[Data for this task — start]

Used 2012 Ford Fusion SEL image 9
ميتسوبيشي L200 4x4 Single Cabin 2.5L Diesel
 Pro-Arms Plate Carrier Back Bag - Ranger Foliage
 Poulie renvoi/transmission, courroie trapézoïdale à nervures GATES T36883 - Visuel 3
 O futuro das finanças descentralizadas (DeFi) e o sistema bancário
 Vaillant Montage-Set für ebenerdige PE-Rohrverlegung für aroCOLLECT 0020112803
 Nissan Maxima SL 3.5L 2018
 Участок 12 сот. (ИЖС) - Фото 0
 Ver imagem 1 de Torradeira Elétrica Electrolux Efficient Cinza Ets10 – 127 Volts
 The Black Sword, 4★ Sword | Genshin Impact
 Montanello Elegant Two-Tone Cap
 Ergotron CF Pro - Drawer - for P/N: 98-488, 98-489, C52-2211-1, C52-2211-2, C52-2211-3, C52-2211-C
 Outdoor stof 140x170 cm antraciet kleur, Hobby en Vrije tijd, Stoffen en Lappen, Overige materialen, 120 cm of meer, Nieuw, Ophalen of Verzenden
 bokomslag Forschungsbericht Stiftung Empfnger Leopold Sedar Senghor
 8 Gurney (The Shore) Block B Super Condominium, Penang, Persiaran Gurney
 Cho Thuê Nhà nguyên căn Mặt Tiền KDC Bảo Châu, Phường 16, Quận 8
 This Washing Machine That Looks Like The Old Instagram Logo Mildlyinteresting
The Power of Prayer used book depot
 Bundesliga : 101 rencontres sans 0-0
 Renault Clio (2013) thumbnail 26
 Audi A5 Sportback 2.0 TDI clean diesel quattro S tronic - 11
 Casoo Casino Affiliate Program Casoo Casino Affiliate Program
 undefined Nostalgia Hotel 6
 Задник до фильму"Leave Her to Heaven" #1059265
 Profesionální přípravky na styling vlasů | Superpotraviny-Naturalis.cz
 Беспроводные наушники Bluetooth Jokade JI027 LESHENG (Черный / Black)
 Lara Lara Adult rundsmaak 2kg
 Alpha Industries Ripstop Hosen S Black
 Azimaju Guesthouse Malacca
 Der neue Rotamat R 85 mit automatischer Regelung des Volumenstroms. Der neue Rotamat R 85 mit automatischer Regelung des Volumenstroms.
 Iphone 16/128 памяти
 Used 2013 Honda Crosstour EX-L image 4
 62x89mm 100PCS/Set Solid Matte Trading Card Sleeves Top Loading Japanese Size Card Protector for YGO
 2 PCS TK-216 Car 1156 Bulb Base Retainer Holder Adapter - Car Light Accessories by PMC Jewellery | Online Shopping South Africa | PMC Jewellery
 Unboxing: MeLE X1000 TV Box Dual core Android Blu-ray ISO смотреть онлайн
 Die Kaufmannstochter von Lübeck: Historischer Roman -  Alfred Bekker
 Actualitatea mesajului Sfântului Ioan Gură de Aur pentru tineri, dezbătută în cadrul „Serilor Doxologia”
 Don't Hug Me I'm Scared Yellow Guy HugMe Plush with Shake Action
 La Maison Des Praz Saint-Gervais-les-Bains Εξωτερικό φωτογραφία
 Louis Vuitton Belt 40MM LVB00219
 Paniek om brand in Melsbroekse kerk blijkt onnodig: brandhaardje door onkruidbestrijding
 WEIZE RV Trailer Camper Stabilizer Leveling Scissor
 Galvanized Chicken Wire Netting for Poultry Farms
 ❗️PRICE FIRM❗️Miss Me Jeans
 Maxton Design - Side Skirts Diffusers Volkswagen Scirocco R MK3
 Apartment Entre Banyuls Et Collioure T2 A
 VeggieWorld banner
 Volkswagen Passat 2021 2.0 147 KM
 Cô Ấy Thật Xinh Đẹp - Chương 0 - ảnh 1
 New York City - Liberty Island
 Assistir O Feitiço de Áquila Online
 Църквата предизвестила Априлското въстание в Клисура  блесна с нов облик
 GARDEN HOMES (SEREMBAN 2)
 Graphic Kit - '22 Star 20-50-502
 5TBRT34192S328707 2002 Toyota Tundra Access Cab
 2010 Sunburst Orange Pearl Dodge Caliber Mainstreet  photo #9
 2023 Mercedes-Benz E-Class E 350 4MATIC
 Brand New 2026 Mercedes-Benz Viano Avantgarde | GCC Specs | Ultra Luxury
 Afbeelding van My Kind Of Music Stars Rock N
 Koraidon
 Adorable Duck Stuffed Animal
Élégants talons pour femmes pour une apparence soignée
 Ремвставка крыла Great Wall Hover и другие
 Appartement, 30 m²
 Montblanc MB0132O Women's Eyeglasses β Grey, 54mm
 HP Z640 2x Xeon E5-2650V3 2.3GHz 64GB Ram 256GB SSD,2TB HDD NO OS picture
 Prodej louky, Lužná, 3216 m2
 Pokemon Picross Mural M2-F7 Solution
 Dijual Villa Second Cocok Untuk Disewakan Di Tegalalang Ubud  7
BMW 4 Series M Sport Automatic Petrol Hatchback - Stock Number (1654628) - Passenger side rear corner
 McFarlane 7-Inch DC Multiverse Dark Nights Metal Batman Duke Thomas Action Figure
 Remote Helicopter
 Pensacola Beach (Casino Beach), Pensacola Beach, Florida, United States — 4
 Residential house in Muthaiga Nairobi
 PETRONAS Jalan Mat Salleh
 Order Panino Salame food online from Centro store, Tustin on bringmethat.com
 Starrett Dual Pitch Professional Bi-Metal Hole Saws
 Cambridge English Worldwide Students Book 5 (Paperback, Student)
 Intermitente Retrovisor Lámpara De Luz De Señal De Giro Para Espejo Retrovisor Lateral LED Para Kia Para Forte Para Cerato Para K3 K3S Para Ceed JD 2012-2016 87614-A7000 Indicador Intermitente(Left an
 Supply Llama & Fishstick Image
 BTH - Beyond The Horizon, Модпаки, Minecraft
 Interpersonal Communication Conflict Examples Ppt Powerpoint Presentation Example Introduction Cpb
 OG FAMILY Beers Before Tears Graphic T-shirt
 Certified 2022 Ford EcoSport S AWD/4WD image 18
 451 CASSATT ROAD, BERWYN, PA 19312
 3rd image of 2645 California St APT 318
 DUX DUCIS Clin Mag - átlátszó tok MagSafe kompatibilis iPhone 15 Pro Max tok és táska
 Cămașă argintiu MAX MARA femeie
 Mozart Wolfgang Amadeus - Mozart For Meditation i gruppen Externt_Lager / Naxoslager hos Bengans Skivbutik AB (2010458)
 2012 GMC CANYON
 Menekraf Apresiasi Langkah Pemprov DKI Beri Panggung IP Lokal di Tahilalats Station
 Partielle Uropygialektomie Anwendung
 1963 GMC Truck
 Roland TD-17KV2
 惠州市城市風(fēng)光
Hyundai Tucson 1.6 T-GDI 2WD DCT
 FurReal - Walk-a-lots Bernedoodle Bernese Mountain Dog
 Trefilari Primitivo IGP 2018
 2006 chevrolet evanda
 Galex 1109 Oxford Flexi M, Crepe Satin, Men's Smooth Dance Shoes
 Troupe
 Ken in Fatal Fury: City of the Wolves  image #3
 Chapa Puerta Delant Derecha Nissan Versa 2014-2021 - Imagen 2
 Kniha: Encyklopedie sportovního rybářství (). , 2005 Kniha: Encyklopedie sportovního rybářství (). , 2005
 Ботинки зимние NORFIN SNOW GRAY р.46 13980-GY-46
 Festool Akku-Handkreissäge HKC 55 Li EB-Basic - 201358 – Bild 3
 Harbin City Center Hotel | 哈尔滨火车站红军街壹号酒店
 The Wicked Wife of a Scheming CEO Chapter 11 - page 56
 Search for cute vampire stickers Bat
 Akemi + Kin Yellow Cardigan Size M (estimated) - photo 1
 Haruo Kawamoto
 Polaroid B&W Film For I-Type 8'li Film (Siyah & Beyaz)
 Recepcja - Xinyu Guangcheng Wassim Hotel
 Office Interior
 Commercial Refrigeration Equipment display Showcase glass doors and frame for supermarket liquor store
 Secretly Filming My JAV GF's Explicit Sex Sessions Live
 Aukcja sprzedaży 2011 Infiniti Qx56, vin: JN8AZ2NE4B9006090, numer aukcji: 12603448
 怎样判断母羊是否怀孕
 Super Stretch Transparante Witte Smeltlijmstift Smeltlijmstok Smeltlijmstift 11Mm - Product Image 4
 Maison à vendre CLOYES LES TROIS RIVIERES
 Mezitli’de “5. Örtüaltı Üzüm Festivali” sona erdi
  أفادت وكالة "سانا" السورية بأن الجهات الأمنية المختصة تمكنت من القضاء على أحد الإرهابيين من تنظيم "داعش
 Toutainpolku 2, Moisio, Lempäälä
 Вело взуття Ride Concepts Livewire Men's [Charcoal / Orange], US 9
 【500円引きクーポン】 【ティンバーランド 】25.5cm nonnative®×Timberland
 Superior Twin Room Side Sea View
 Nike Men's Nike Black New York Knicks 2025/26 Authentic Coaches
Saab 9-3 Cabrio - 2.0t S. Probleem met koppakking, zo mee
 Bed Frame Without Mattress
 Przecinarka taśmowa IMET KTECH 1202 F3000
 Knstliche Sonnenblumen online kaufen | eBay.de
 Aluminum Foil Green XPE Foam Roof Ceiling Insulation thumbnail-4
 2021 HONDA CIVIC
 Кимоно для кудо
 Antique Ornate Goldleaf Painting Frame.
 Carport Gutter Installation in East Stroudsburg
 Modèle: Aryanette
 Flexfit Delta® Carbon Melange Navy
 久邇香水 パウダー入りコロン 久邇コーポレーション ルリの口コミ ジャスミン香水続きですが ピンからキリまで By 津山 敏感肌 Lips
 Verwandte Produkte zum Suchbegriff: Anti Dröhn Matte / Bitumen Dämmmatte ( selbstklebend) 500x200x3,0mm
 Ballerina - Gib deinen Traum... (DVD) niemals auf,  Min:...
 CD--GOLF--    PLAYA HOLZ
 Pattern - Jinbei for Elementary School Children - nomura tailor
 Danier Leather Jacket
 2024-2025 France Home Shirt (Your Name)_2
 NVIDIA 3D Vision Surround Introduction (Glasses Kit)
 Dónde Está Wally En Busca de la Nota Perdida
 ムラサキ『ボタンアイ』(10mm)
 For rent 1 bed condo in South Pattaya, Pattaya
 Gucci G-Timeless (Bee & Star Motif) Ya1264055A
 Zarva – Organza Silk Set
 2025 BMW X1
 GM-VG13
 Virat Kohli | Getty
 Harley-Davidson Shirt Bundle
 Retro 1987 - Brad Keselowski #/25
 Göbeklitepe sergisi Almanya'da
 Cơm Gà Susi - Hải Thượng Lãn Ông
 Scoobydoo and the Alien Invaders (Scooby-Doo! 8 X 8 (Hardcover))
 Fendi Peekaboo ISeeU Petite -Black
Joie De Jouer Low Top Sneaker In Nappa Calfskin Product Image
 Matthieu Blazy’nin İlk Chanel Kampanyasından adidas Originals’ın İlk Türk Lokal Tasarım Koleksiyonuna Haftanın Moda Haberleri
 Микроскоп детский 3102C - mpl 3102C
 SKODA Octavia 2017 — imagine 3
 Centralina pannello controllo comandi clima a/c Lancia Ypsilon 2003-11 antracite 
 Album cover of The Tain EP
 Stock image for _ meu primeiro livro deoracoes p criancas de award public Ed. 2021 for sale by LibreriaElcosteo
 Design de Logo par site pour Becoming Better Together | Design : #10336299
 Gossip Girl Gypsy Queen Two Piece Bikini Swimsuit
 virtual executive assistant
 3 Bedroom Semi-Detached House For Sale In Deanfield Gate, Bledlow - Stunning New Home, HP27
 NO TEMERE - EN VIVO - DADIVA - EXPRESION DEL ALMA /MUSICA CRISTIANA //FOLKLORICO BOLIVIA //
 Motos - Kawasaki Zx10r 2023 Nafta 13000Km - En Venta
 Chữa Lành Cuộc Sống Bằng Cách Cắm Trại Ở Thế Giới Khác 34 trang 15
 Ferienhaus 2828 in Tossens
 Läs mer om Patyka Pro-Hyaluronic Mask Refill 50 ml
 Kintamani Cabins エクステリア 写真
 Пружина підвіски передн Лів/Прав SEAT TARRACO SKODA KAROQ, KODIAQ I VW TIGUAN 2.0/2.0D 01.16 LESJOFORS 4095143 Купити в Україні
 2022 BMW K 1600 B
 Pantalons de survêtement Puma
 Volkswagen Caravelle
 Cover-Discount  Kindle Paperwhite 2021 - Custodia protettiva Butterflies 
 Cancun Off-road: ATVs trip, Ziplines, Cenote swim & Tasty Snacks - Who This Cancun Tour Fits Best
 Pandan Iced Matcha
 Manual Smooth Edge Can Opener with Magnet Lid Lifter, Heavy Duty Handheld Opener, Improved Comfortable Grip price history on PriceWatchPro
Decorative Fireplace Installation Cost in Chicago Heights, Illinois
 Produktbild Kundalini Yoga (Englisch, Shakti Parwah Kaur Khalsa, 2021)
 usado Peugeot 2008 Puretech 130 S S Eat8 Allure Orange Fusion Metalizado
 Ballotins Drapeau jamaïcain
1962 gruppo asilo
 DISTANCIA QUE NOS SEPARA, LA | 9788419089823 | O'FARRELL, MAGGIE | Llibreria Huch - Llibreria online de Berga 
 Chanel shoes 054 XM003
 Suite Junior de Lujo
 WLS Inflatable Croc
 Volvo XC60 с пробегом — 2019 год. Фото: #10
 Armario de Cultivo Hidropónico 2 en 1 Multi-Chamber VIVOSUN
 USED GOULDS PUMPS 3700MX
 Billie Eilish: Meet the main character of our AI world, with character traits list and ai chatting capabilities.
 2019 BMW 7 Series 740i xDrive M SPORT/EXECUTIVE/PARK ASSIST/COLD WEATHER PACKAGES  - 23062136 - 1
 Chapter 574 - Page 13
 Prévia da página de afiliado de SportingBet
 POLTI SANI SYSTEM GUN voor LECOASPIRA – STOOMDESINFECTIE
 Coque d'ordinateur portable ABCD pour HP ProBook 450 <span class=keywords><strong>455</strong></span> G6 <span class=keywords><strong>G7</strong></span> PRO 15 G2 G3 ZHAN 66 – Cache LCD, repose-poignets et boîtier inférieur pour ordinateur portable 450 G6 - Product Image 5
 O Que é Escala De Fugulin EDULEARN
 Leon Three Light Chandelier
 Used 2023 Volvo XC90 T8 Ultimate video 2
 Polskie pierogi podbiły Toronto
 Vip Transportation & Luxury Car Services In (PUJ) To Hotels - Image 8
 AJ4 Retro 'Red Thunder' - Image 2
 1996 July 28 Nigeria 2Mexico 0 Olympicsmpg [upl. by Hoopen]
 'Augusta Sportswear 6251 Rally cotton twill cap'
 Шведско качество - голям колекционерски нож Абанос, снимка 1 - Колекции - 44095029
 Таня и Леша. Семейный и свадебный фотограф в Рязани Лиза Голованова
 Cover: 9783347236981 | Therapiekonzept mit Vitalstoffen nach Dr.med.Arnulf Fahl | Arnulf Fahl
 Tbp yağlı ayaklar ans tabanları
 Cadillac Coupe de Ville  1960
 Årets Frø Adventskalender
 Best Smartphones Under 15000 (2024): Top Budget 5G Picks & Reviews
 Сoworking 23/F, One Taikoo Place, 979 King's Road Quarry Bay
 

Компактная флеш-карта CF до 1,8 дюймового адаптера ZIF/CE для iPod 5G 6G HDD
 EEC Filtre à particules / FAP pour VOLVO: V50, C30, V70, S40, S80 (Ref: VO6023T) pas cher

[Data for this task — finish]

Look back at the entries above and repeat, unchanged, every line from the line holding "Maxton Design - Side" through the line holding "2023 Mercedes-Benz E-Class E 350 4MATIC".

Result below:
 Maxton Design - Side Skirts Diffusers Volkswagen Scirocco R MK3
 Apartment Entre Banyuls Et Collioure T2 A
 VeggieWorld banner
 Volkswagen Passat 2021 2.0 147 KM
 Cô Ấy Thật Xinh Đẹp - Chương 0 - ảnh 1
 New York City - Liberty Island
 Assistir O Feitiço de Áquila Online
 Църквата предизвестила Априлското въстание в Клисура  блесна с нов облик
 GARDEN HOMES (SEREMBAN 2)
 Graphic Kit - '22 Star 20-50-502
 5TBRT34192S328707 2002 Toyota Tundra Access Cab
 2010 Sunburst Orange Pearl Dodge Caliber Mainstreet  photo #9
 2023 Mercedes-Benz E-Class E 350 4MATIC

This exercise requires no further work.